Making Reproducibility Reproducible

gigantum blog post 12

Reproducibility doesn’t have to be magic, anymore. This image is provided by Abstruse Goose under the Creative Commons License

TL;DR - We believe the following

  • Approaches to the transmission of scientific knowledge are currently broken, mainly due to the criticality of software in modern research.
  • Calling re-execution of static results “reproducibility” isn’t enough. Reproducibility should be functionally equivalent to collaboration.
  • Academic emphasis on best practices is ineffective and should switch to a product based approach that minimizes effort rather than maximizes it.
  • By focusing on the needs of the end user, people can actually improve how scientific knowledge is communicated and shared.

Reproducible Work

The transmission of scientific knowledge and techniques is broken, but you already know this because otherwise the title wouldn’t have caught your eye. Reproducibility is the poster child for this breakdown because it is a serious problem, but also perhaps because it is tangible. What is actually wrong with the transmission of modern science is much harder to put your finger on.

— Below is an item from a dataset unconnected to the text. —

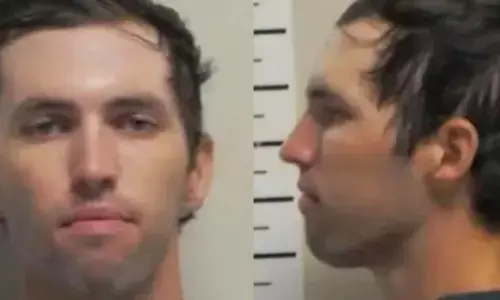 Breaking : ਚਾਰਲੀ ਕਿਰਕ ਦੇ ਕਾਤਲ ਨੂੰ ਕੀਤਾ ਗਿਆ ਗ੍ਰਿਫ਼ਤਾਰ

We don’t want to go all Walter Benjamin on you, but scientific interpretation in the age of digital reproduction needs a deep re-think. Since that is more appropriate for a dissertation, let’s just focus on reproducibility.

Historically, reproducibility was the manual re-execution and validation of a single result, something fundamental to science going back to the 17th century. Typically the job was to recreate physical effects or observations, and manual re-execution fit well with the written descriptions of scientific results.

As digital data collection emerged in the latter half of the 20th century, expectations for reproducibility added an archival and computational component. Theoretically, data and methods were enough to understand & re-execute a work, and the ease of digital transmission made reproducibility feasible.

But did it?

gigantum blog post 13
Science needs functional tools that promote the collective effort, not a bunch of busy work. Image is a Detroit Industry Mural by Diego Rivera.

Reproducible Work Environments

When we began Gigantum, we wanted reproducibility to be part of the daily experience, not just the result of a post hoc process. Reproducible work and reproducible environments are all good, but we wanted reproducible work environments, i.e. to have the fruits of daily work be reproducible without extra effort or thought. This seemed the best way to make reproducibility reproducible.

Pushing reproducibility down into the daily experience moves it closer to real collaboration. Basically, if I can reproduce your work in my environment and you can reproduce mine in yours, then we can work together. It also means that I can interrogate your work and your process in a way that is natural to me.

So, we focused on the connection between collaboration and reproduction, and we formulated some basic requirements that we think functional reproducibility should provide:

  1. Integrated versioning of code, data and environment;
  2. Decentralized work on various resources, from laptops to the cloud;
  3. Editing and execution in customized environments built by the user.

Basically, we think that the line between collaboration and reproducibility should be access & permissions, and that’s all. They should be functionally equivalent. The existence proof for this is that they are functionally equivalent for two super skilled users with enough time.

To go a step further, we wanted to eliminate the effort & skill needed to create reproducible work environments and to make this capacity broadly and automatically available. So we created something that does the following.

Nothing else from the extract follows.